Second, some small section of the message might be transformed, the length determined by a key, by some method that might shorten it in some cases, without introducing too much non-uniformity in the binary bits of the message. How this might be done will be examined below.
Third, the message is prefixed by a random byte from 0 to 255, and then that number of random bits are added to the message. The extra byte, of course, now means the message is at least 64 bits in length.
This outlines what processing a message to conceal its length could involve.
It would be simple enough to produce a length encoding for whole messages. There are (2^n)-2 messages from 1 to n-1 bits in length, so any encipherment method that scrambles an alphabet of (2^n)-2 symbols could be used.
The simplest way would be to transform everything to n bits by prefixing a single 1, preceded by as many zeroes as needed, then using an n-bit block cipher, and then re-encrypting if the inadmissible all zero or 00...001 values are output.
So if after ensuring the message is at least 56 bits long, the message is from 56 to 119 bits in length, we could use a 64-bit block cipher to encrypt the length of everything in the message but the first 55 bits in this way.
This would not involve introducing too much nonuniformity into the bits themselves. But what if the message is longer?
One way to proceed would be that if the message were from 120 to 183 bits in length, we would leave the first 119 bits of the message alone. Again, the last part, from 1 to 63 bits, would be enciphered to something from 1 to 63 bits.

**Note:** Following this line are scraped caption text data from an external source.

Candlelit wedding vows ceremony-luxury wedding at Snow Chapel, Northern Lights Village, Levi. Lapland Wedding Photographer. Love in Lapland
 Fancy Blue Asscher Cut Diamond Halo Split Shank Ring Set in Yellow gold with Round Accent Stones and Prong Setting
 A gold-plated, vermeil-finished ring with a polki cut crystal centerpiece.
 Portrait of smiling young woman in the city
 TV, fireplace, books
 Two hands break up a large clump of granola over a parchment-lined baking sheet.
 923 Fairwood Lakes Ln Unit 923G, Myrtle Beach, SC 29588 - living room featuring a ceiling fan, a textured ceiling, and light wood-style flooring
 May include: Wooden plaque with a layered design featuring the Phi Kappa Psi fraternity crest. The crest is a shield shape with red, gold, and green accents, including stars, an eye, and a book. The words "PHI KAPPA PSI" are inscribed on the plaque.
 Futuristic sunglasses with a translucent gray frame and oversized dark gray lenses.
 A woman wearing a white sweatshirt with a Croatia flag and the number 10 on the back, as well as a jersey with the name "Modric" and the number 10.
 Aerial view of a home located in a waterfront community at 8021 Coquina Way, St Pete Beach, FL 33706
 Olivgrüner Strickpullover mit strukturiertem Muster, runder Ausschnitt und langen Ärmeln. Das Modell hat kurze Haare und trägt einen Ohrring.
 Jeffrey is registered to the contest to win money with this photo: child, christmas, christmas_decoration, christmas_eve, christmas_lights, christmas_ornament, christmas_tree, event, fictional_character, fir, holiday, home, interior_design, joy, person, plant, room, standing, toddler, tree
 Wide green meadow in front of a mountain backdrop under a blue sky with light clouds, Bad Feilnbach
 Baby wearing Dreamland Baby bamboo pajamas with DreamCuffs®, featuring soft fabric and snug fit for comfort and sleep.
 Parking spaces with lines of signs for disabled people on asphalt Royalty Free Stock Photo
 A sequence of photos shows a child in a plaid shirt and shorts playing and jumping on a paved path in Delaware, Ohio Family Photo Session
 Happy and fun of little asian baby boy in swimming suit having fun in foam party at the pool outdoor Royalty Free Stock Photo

However, this method is seriously flawed. Because half of the possible blocks between 1 and 63 bits become 63 bits long, very few bits are saved compared to simply padding the message to an integer multiple of 64 bits in length. Not only that, by using a simple known coding scheme to produce a 64-bit input and convert a 64-bit output from a block cipher, the visible message length leaks information about the values of bits, essentially turning double encryption into single encryption.
What sort of leak is this?
However many bits are left at the end of the message, they are padded to 64 bits by being preceded by 00...001. This padded result is encrypted by a block cipher, which could be DES, for example.
The output from the DES encipherment is then transformed back to a string from 1 to 63 bits in length by having the leading 00...001 removed from it. (If that output was the all-zero string, or all zeroes followed by only a single 1, it is re-encrypted, as noted.)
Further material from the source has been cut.